The team this month declined to re-sign Montoya, 37, a former Indianapolis 500 winner and Formula One driver who found little success in NASCAR.
Montoya, in his seventh year in stock-car racing, is 21st in the Cup standings and has reached NASCAR’s Chase for the Cup title playoff only once, in 2009.
EGR, led by veteran team owner Chip Ganassi, declined to comment about Larson. But the team has scheduled a news conference Friday at Atlanta Motor Speedway, site of the next Cup race, where Larson’s ride is expected to be announced.
Larson, a Japanese American, is in his rookie year in NASCAR’s second-level Nationwide Series. He’s eighth in the Nationwide point standings and, although he hasn’t won a Nationwide race, has 13 top-10 finishes in 23 races.

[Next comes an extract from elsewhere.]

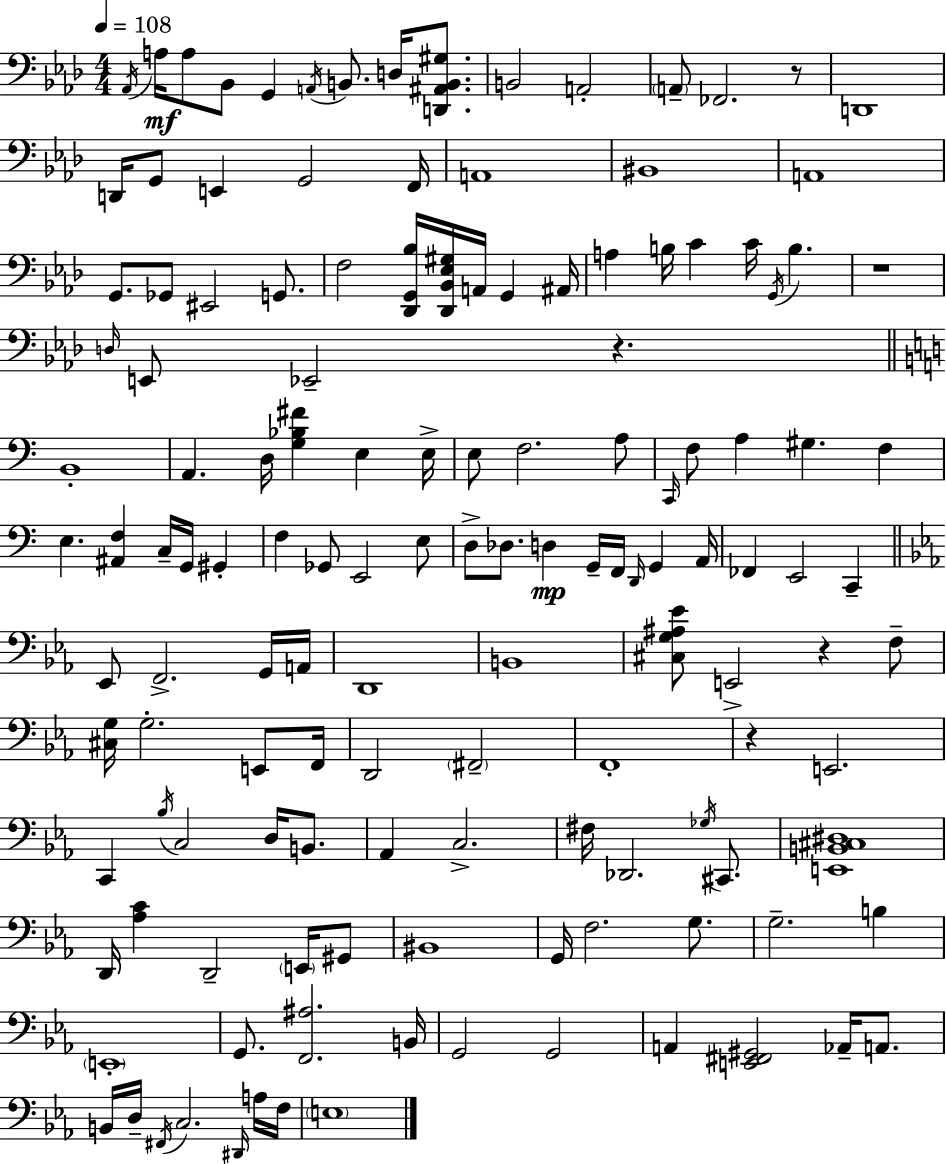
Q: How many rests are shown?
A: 5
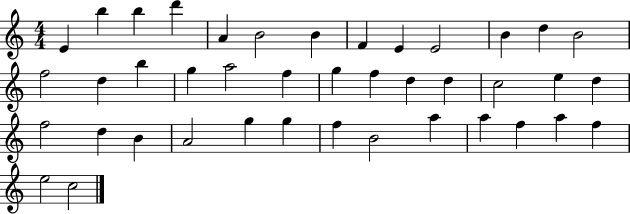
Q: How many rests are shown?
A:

It’s only his second year driving stock cars, and before that Larson excelled at racing midget cars, sprints and other open-wheel cars on dirt and paved tracks.
In 2011, he won races in the World of Outlaws sprint-car series, in all three U.S. Auto Club national divisions and in the American Sprint Car Series.
(Sprint cars are powerful open-wheel race cars whose name is unrelated to NASCAR’s Sprint Cup Series, which reflects the telecommunications company’s series sponsorship.)
He has drawn high praise from such NASCAR champions as Jeff Gordon and Tony Stewart, who last year called Larson “absolutely phenomenal.†Larson also defeated Stewart and others in a qualifying race at the Chili Bowl Nationals midget-car race this year.
Larson’s grandparents on his mother’s side were among the thousands of Japanese Americans sent to an internment camp in Tulelake, Calif., during World War II.